There are few incidents that can truly be called disasters ; things like the World Trade center bombing, the Boxing Day tsunami, and the Ash Wednesday bushfires. Whether or not you think a major failure in IT infrastructure can be called a disaster just like those true tragedies, the recent and very public failure of the EMC storage infrastructure in the state of Virginia is the kind of event none of us should wish on anyone.
While we all like to see the mighty taken down a peg or two, there’s a little too much schadenfreude on this incident from the storage community for my taste. Most of us have had at least one incident in their career that we are all very glad never got the coverage this has, and my heart goes out to everyone involved… “There, but for the grace of God go I … ”

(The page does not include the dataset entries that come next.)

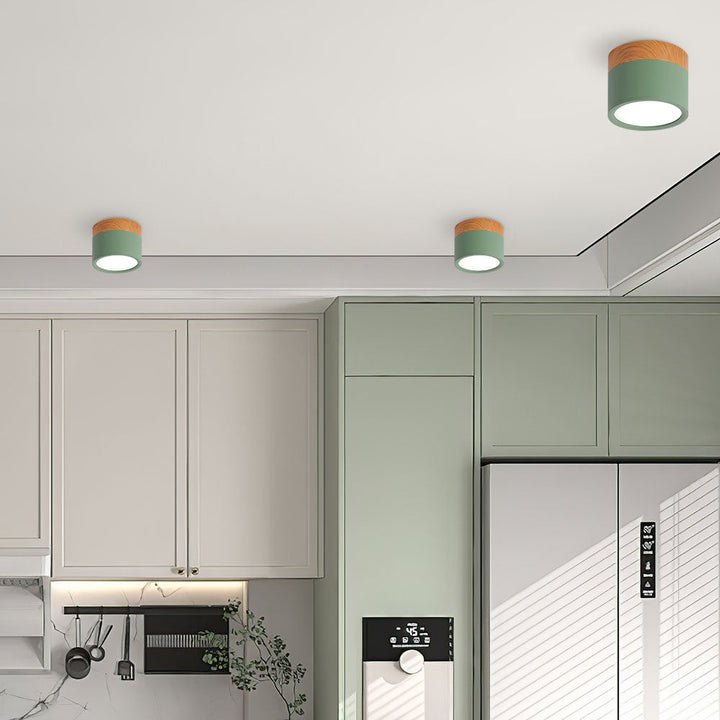 LED Taklampe Moderne Flush Mount Sylinder Luvikno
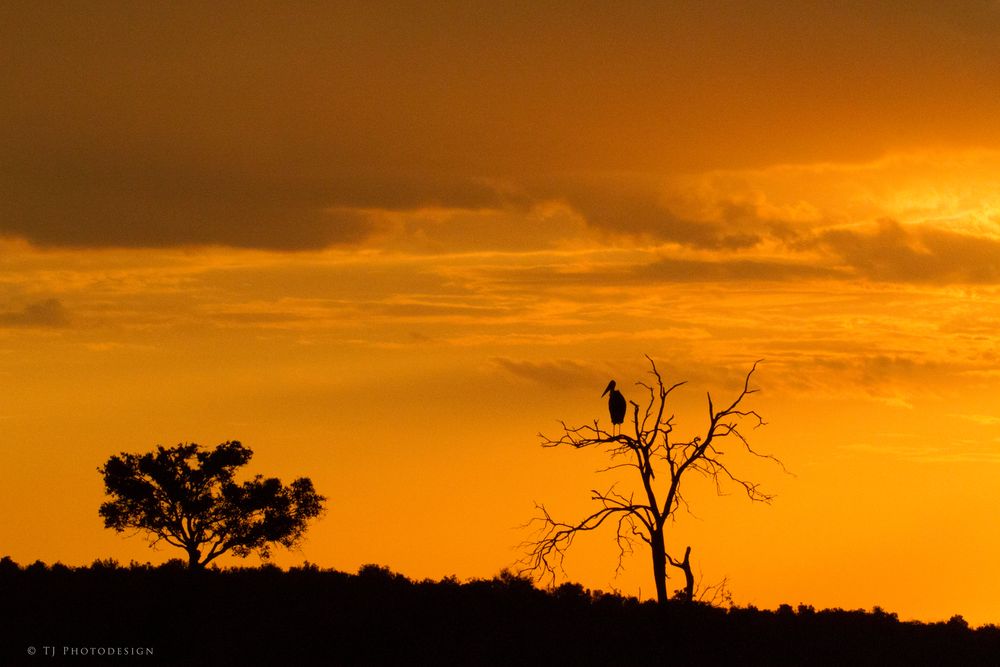 Die Sonne Afrikas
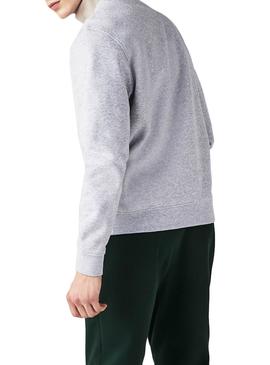 Sweatshirt Lacoste Basic Grau für Herren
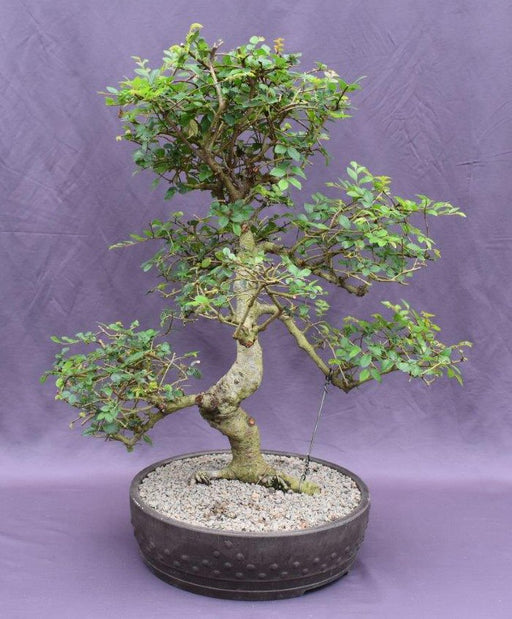 Chinese Elm Bonsai Tree -Curved Trunk Style-(ulmus parvifolia)
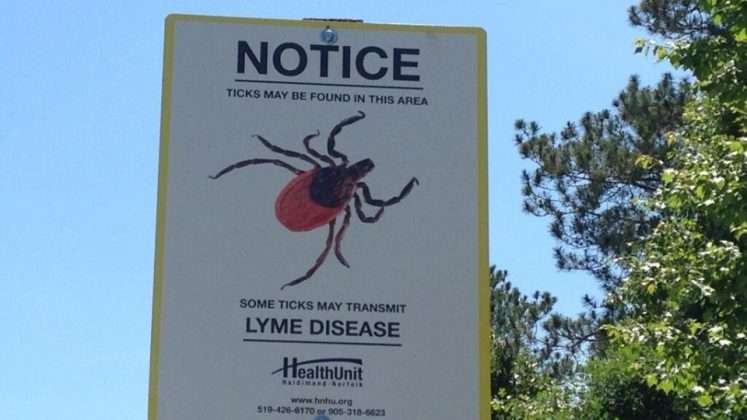 Ticks and Lyme disease regain focus in U.S.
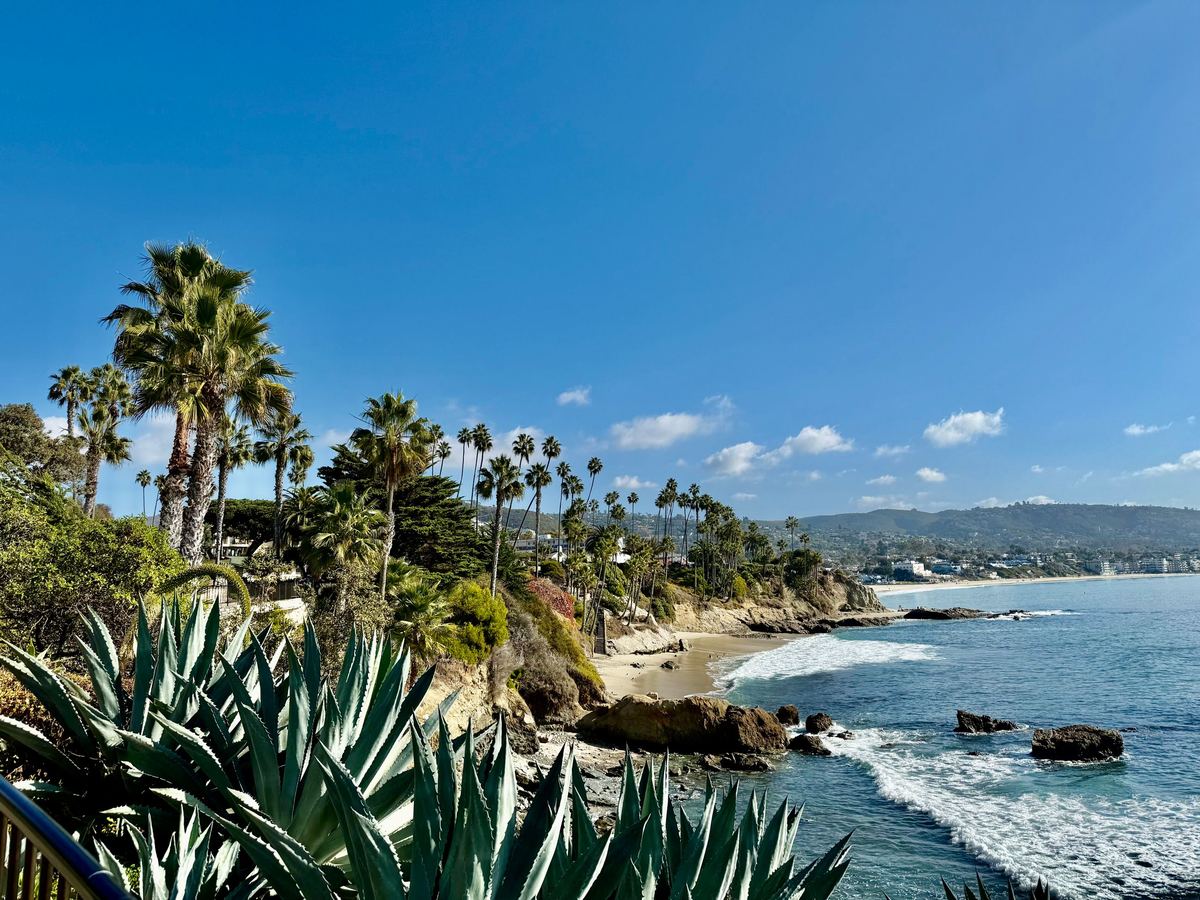 Laguna Beach coastline with palm trees and the Pacific Ocean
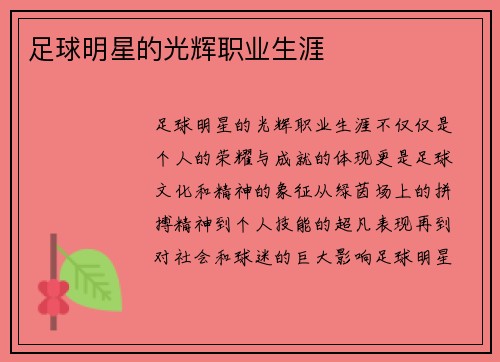 足球明星的光辉职业生涯
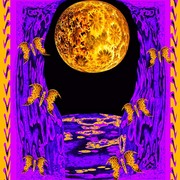 Moon-butterflies-golden-jas_card
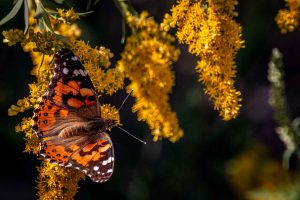 Painted Lady Butterfly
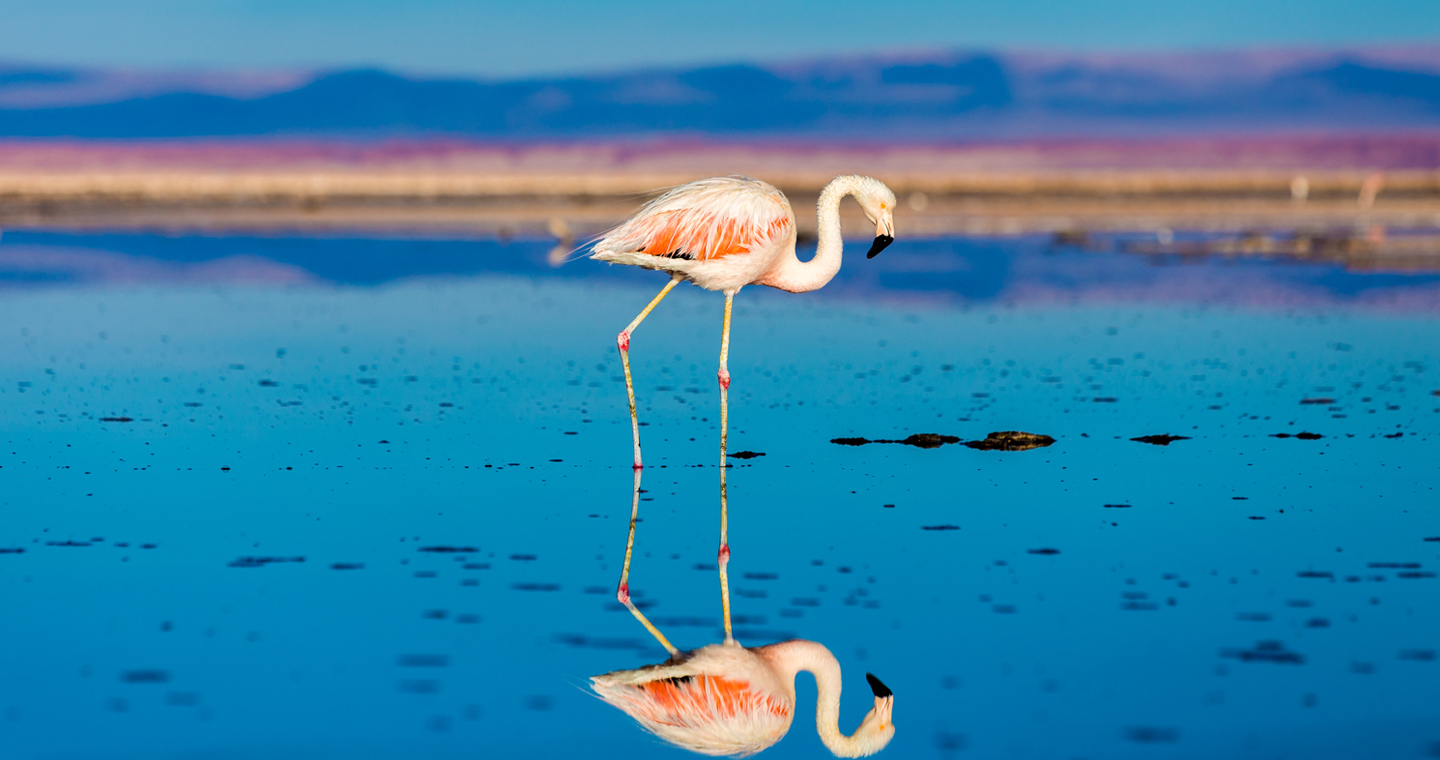 Flamingos in Salar del Huasco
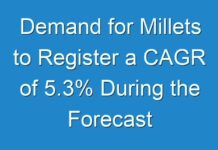 Demand for Millets to Register a CAGR of 5.3% During the Forecast Period (2017 to 2024)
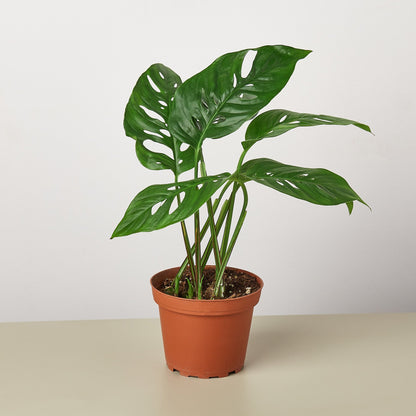 Monstera Bundle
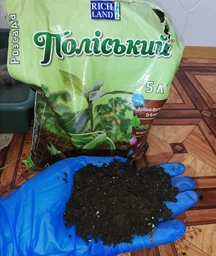 Торфяной субстрат Поліський для рассады 5 л 4 шт (2017112433) фото от покупателей 3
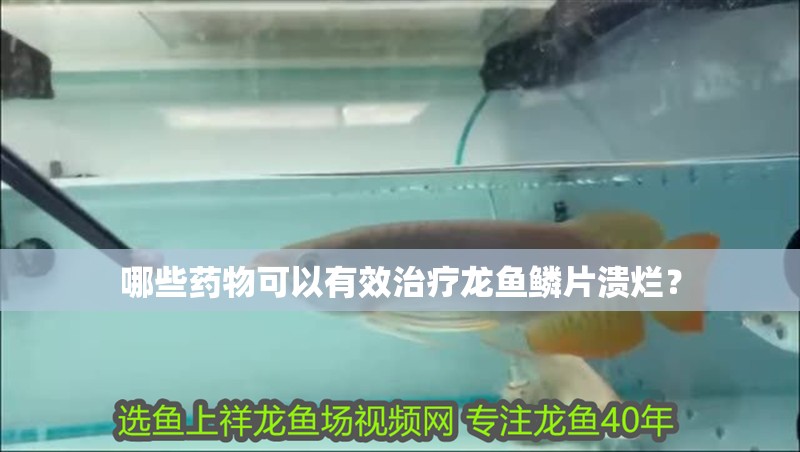 哪些藥物可以有效治療龍魚鱗片潰爛？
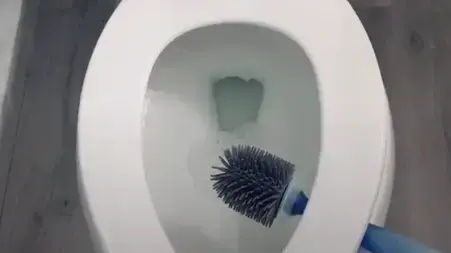 ניקוי אסלת השירותים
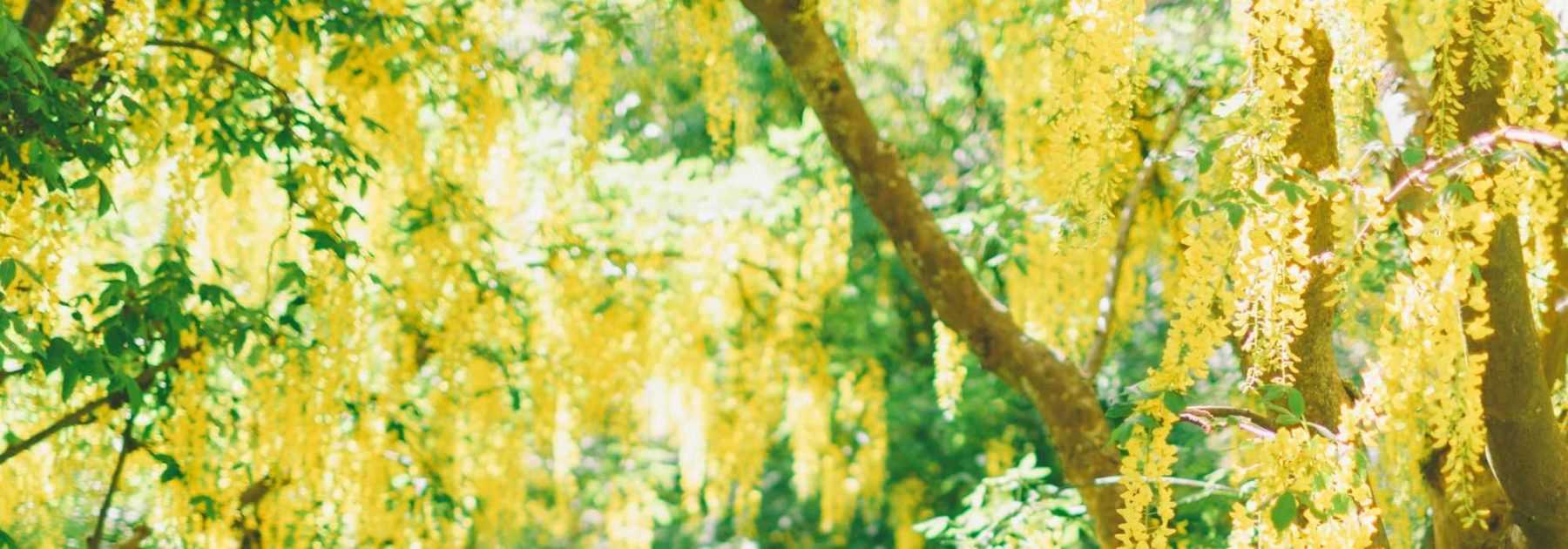 Laburnum, <em>Laburnum</em>: planting, pruning and care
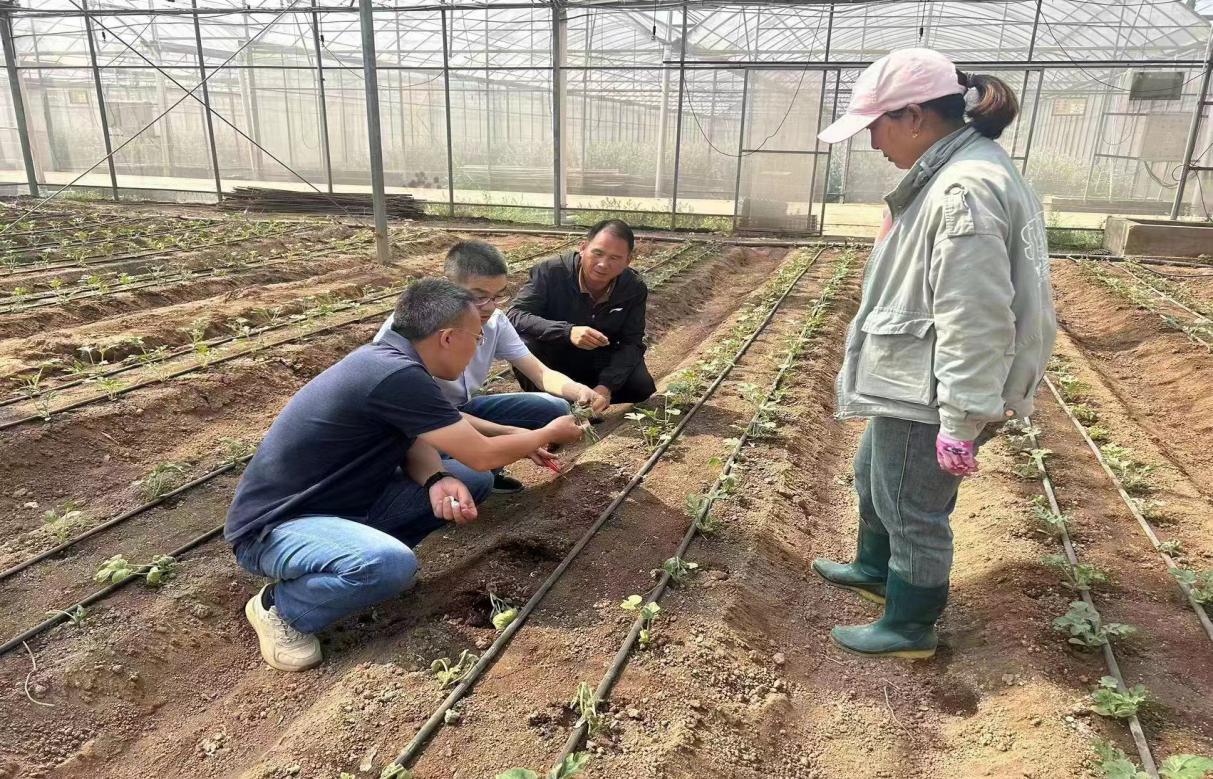 ���ߵ����˿��ֽ�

I must say though, I’m a little surprised on what appears to be a finger pointing exercise with a focus on operator error, even though it would confirm my belief that Mean Time Before Cock-up (MTBC) is a more important metric than Mean Time Before Failure (MTBF). Based on the nature of the outage and some subsequent reports, it looks like there was a failure of not just one but two memory cache boards in the DMX3. If so I’d have to agree with statements I’ve seen in the press saying the chances of that happening are incredibly unlikely or even unheard of. In a FAS array this would be equivalent to an NVRAM failure followed by a subsequent NVRAM failure during takeover, though even then at worst, the array would be back up with no loss of data consistency within a few hours. Having said that, the chances of either of these kinds of double failure events happening are almost unimaginable, but certainly, as recently shown, not impossible. How ” an operator [using] an out-of-date procedure to execute a routine service operation during a planned outage” could cause that kind of double failure is kind of beyond me, and has changed my opinion on the DMX’s supposedly rock solid architecture.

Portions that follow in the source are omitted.